Vision-Language-Action Model and Diffusion Policy Switching Enables Dexterous Control of an Anthropomorphic Hand
This work addresses the problem of precise and robust control for robotic hands in manipulation tasks, representing an incremental advance by integrating existing models with a switching mechanism.
The paper tackled autonomous dexterous manipulation by proposing a hybrid control method combining a Vision-Language-Action model for high-level planning and a diffusion model for low-level interactions, achieving over 80% success rate in pick-and-place tasks compared to under 40% with only the VLA model.

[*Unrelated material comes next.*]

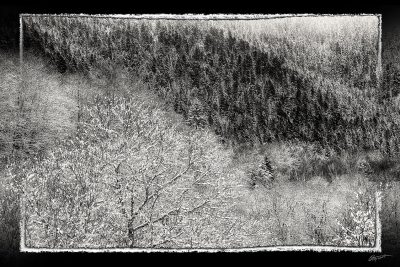 Forêt sous la neige dans les Pyrénées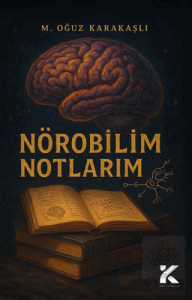 Nörobilim Notlarım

To advance autonomous dexterous manipulation, we propose a hybrid control method that combines the relative advantages of a fine-tuned Vision-Language-Action (VLA) model and diffusion models. The VLA model provides language commanded high-level planning, which is highly generalizable, while the diffusion model handles low-level interactions which offers the precision and robustness required for specific objects and environments. By incorporating a switching signal into the training-data, we enable event based transitions between these two models for a pick-and-place task where the target object and placement location is commanded through language. This approach is deployed on our anthropomorphic ADAPT Hand 2, a 13DoF robotic hand, which incorporates compliance through series elastic actuation allowing for resilience for any interactions: showing the first use of a multi-fingered hand controlled with a VLA model. We demonstrate this model switching approach results in a over 80\% success rate compared to under 40\% when only using a VLA model, enabled by accurate near-object arm motion by the VLA model and a multi-modal grasping motion with error recovery abilities from the diffusion model.